Charoses (a.k.a. charoset, haroset, haroseth) is a traditional Jewish dish served during the spring feast of Passover. From a culinary standpoint, it is one of the world's great applesauces or chutneys although Jews never think of it as such, a fine accompaniment to the traditional Passover lamb or brisket, and, Heaven forgive me, it's a great side dish for pork chops. By the way, has anybody else noticed how many great BBQ chefs are Jews?
The original recipe for Charoses was created thousands of years ago as an integral part, I think the best part, of the Passover Seder. The Seder is a ritual evening meal Jews eat in large family groups to celebrate the Old Testament story of Exodus, the liberation of their ancestors from the Egyptians by Moses, the 40 years of wandering in the desert, and presentation of the 10 Commandments.
Here's my version of Charoses, inspired by a recipe from my friend Sharon Eisenberg's friend's grandmother-in-law.
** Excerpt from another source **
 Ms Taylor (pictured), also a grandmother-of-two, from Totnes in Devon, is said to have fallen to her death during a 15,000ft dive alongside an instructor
Really.
Charoses tastes just fine as soon as you make it, but it improves with a day or two of age as the apples and raisins absorb the wine and spice flavors.
Course. Dinner. Appetizer. Salad. Side Dish.
Cuisine. Jewish. American.
Preparation time. 20 minutes
1/2 cup raisins
1 cup unsalted walnuts, chopped into pieces smaller than a pea
1/4 teaspoon powdered ginger
1/4 teaspoon cinnamon
2 tablespoons honey
1/3 cup red wine
2 pinches Morton's kosher salt
3 large apples
About the apples. Go for crisp, tart, crunchy apples like Braeburn, Fuji, Gala, Granny Smith, or Sweet Delicious.
About the wine. In the US it is traditional to use sweet Concord wine. I prefer Manischewitz to Mogen David. If you can't bring yourself to buy sweet Concord wine, I recommend a ruby port or a young grapey Beaujolais with another tablespoon of honey. If you wish, you can even substititute non-alcoholic grape juice. Interestingly, if you tell American Jews that the Concord is native to North American and it is never used in Israel or Europe, they are shocked and will usually not believe you.
Optional mix-ins. There are slight differences in the charoses around the world where the locals take advantage of local ingredients. Some recipes use chopped pitted dates, chopped dried apricots, chopped almonds, pine nuts, orange zest, hazel nuts, and lemon juice.
1) Put the raisins, walnuts, ginger, cin, honey, salt, and wine in a mixing bowl and mix.
2) Peel the apple. Cut it in quarters and remove the core and stems. Chop into bits about the size of a pea and mix them in. To make it more of a paste, you can chop the apples in a food processor or mash them in the bowl, just be careful not to turn them into mush. Taste and add more of anything you wish. If possible, age for a few hours or overnight. Serve on matzoh or as a side dish.
The meal contains several required dishes meant to symbolize the events in the biblical story:
Charoses, the applesauce, represents the mortar and bricks the slaves used to build Egyptian homes and monuments. It comes from the Hebrew word cheres, which means clay.
Matzo, a cracker that is similar to the unleavened bread Jews ate as they ran from Egypt in the desert.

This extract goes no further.